§ GIVEN INFORMATION:
BEGIN
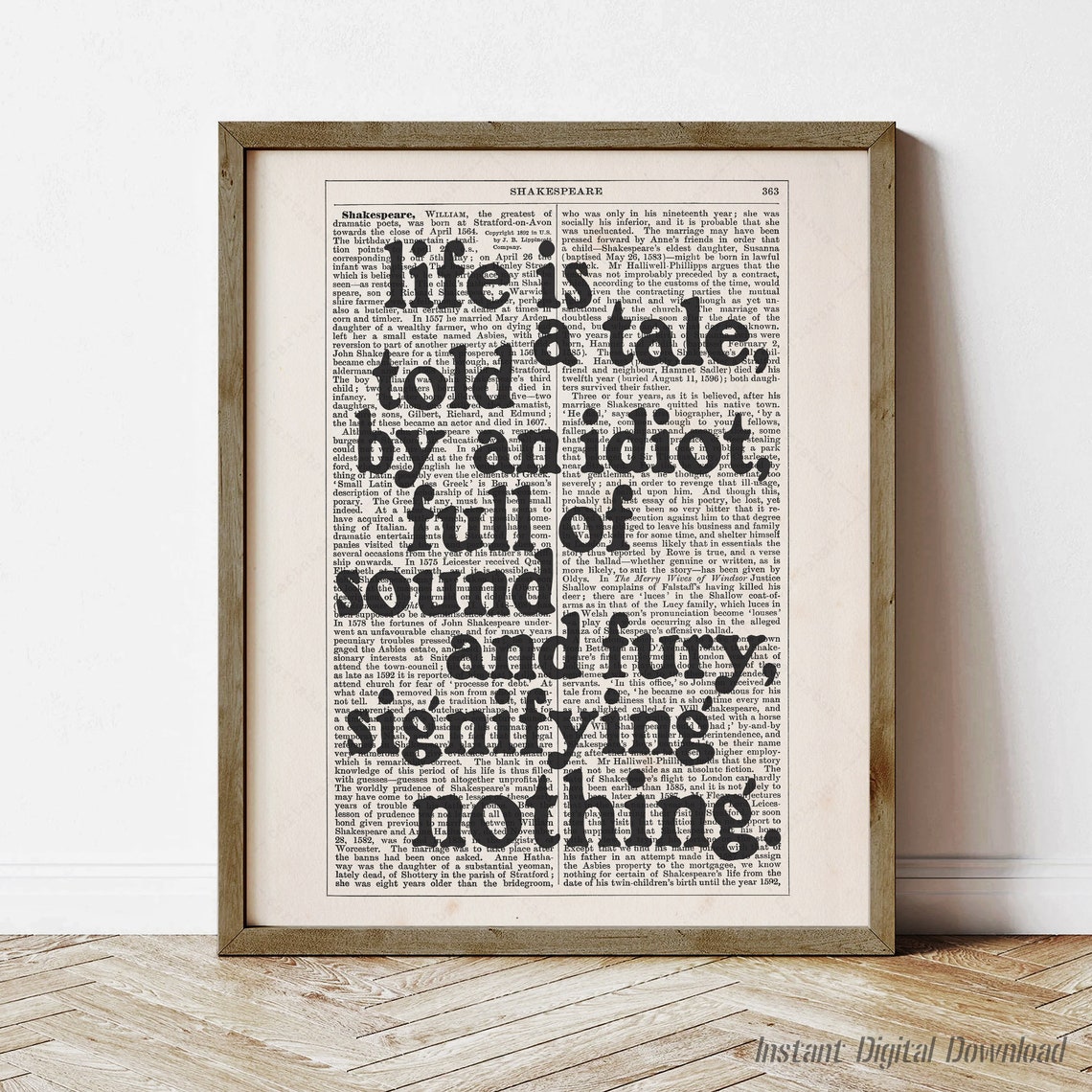 Shakespeare Life Is A Tale Told By An Idiot Macbeth Quote Poster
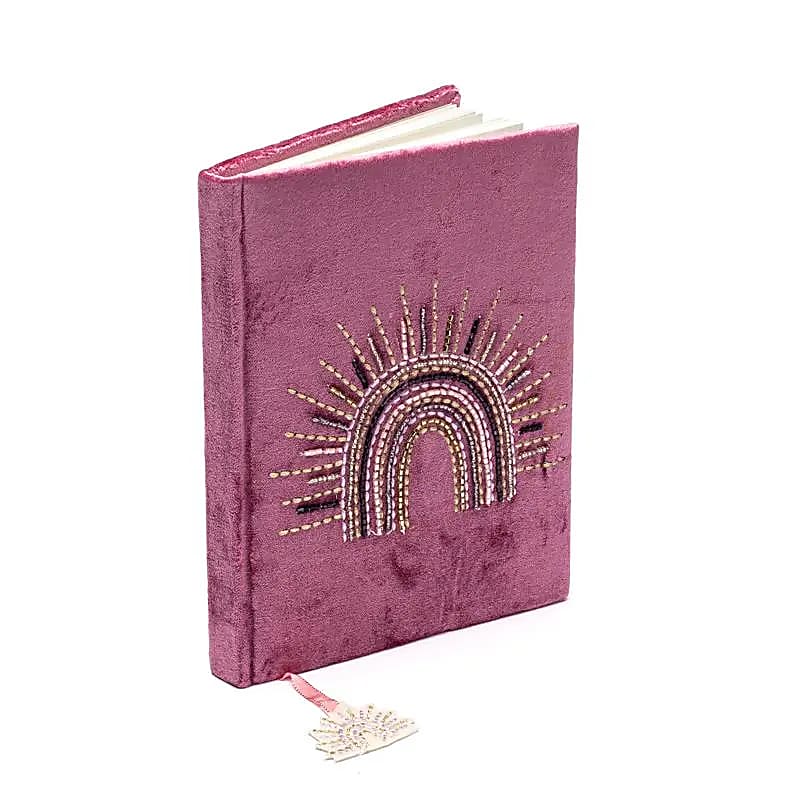 Fluwelen Notitieboek Paars Met Regenboog (20x15 Cm)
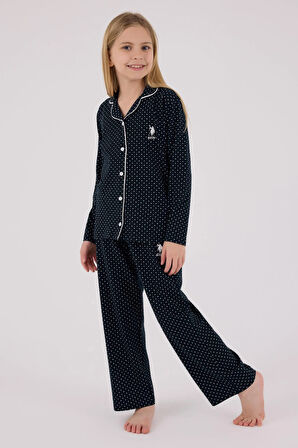 U.S. Polo Assn. Kız Çocuk Gömlek Pijama Lacivert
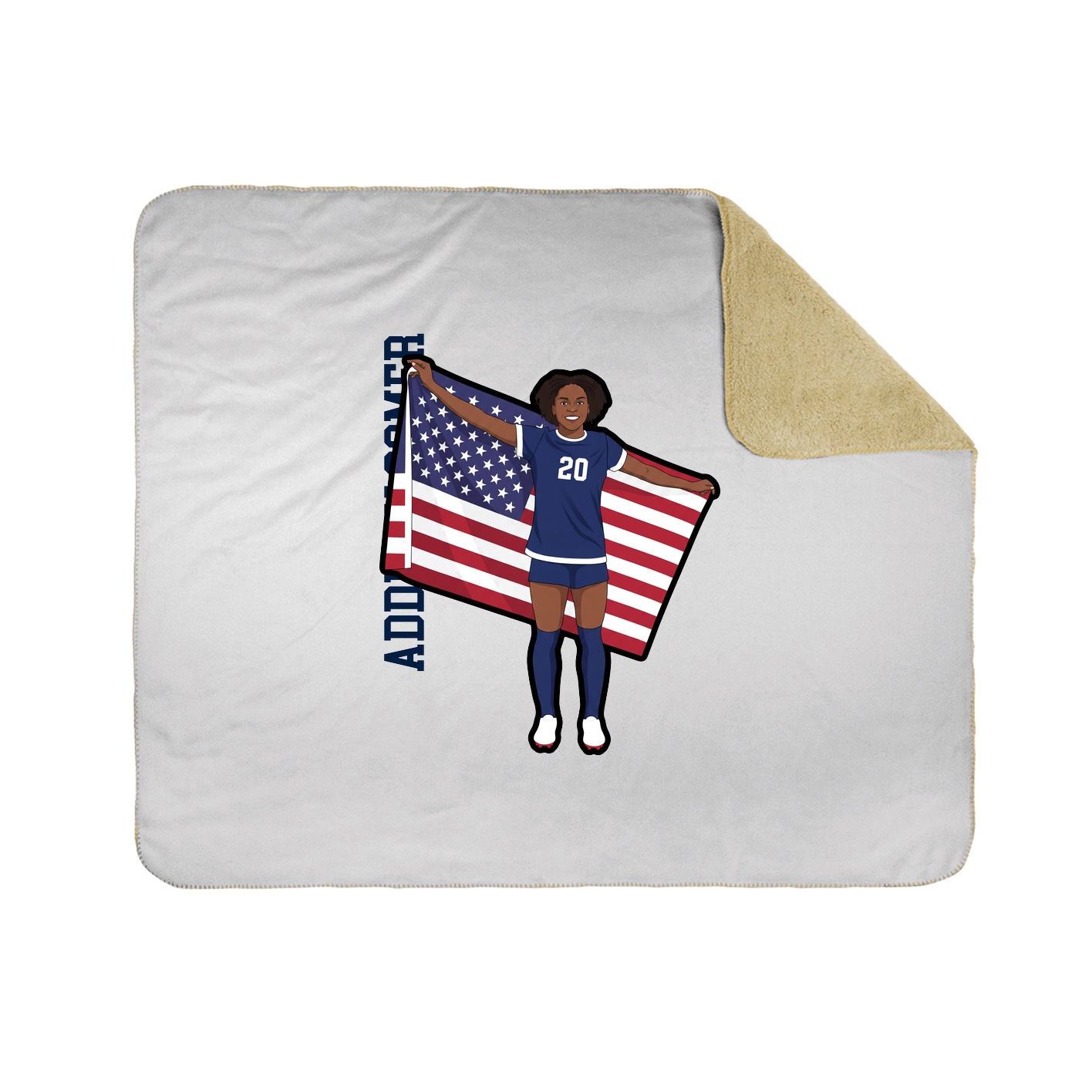Throw Blanket — Name Vertical in White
END
§ WHAT IS REQUIRED: Please reproduce the lines above from the one containing "Fluwelen Notitieboek Paars" through the final line, exactly and inclusively, leaving out each picture.

§ ANSWER TO THE EXERCISE:
 Fluwelen Notitieboek Paars Met Regenboog (20x15 Cm)
 U.S. Polo Assn. Kız Çocuk Gömlek Pijama Lacivert
Throw Blanket — Name Vertical in White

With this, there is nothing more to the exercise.